Não obstante, parte da jurisprudência tem tratado tais omissões como meras falhas formais ou como insuficiência probatória do franqueado, deslocando indevidamente o ônus de demonstrar informações que, por imposição legal, deveriam ter sido previamente disponibilizadas.
Outro ponto sensível diz respeito ao uso de projeções financeiras descoladas da realidade operacional da rede. Informações financeiras seletivas, simulações baseadas em unidades excepcionais e estimativas sem lastro técnico são frequentemente apresentadas como "expectativas", quando, na prática, exercem papel determinante na formação da vontade do franqueado.
Ao classificar tais práticas como riscos inerentes à atividade empresarial, o Judiciário esvazia o instituto do vício de consentimento e relativiza a função informacional dessas projeções no contexto do franchising.

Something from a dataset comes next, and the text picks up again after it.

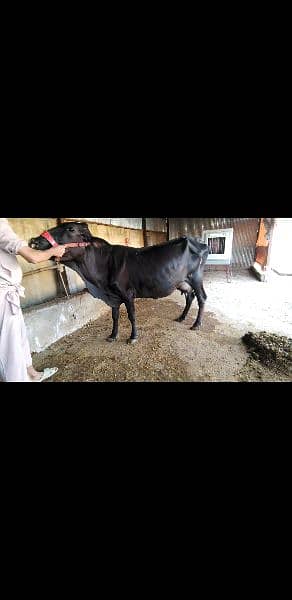 cow for sale in Islamabad 0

Também merece destaque o prazo mínimo de 10 dias entre a entrega da Circular de Oferta de Franquia e a assinatura do contrato. Não se trata de formalidade dispensável, mas de mecanismo legal de proteção à autonomia da vontade e de mitigação da assimetria informacional. A entrega fracionada de documentos, a assinatura antecipada ou a pressão comercial para fechamento imediato configuram violações diretas à lei.

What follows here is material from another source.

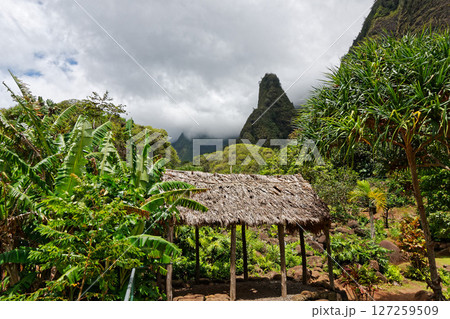 マウイ島　イアオ渓谷州立公園　イアオ・ニードル 127259509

Ainda assim, tais práticas têm sido reiteradamente relativizadas sob o argumento da experiência empresarial do franqueado ou do tempo de operação suficiente para reconhecimento dos vícios, raciocínio que não encontra respaldo no texto legal.
Quando vícios pré-contratuais evidentes são ignorados e contratos viciados são mantidos, produz-se um efeito jurídico ainda mais grave: a franqueadora passa a se beneficiar da própria torpeza.
Aquele que descumpre deveres legais de informação, induz o franqueado em erro e viola o prazo de reflexão não apenas mantém os efeitos do contrato viciado, como também se vale desse mesmo contrato para exigir multas, royalties, confissões de dívida e execuções judiciais. Trata-se de situação incompatível com o princípio segundo o qual ninguém pode extrair vantagem jurídica de sua própria conduta ilícita.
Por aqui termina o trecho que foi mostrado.